Regardless, there are two important aspects to consider when it comes to market research:
- Quantifiable Aspects: The revenue a company receives, their historical profit growth year after year and anything else that can be expressed as a fact or statistic.
- Qualitative Aspects: This includes leadership, the company’s culture and philosophy and the quality of their product or service.
Incorporating these two factors into your research is a good way to discovering great investment opportunities. Financial analysts will pour over balance sheets and income statements to find the quantifiable aspects of a business. If you desire to delve that deep into your research, sites like Yahoo Finance, MorningStar and MarketWatch.com often have all that information and more. But the qualitative factor can be subjective and based on personal opinion of a business which makes it difficult to measure.
Therefore, combine these two factors by using the Value Investing method
This method is basically where you purchase shares of a company you believe is undervalued and so will go up in time. Value Investing requires you to find the intrinsic value of a business, which involves some analysis.
For example, say, in your research, you see a company that is normally profitable, has had no major defect or recalls in it’s product and also is established in its industry. Only thing is the CEO is involved in some scandal which most likely will cause the price of that stock to go down.
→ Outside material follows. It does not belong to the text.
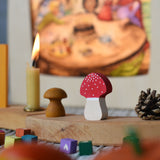 A Grimm's fly agaric red and white mushroom decorative figure placed on a natural celebration ring. A Toverlux lamp can be seen in the background.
If the company itself is great, but the leadership is not, it’s important to note that the CEO can always be replaced by a board and so the price of that company’s stock can go up as long as it continues on its path. This allows you to buy when the price is low (because of a temporary issue) and hold till they replace the CEO causing the price to return back to it’s intrinsic, or true, value.
This method of investing was created by David Dodd and Benjamin Graham, both patriarchs in the investing world, in 1934 with their book Security Analysis.
Other Scenarios of Value Investing
A bad CEO isn’t the only reason a company can be undervalued. The industry that company is in can be going through a rough patch (like the oil industry), which, once the industry rebounds, will reflect in its stock price. Or an abnormally warm winter for an energy company can result in a poor quarterly earnings report causing the stock price to drop for a season. Ultimately, this is a good strategy to hone when it comes to market research as it can boost your confidence and portfolio if your assumptions prove to be true time after time.
Investing like a pro
So deciding to spend more time in your research as if you were employed by a brokerage firm, minus the stock broker salary, can be very valuable and rewarding. And as with anything, practice and persistence will allow you to make better picks in the future earning you the Wise Investor title.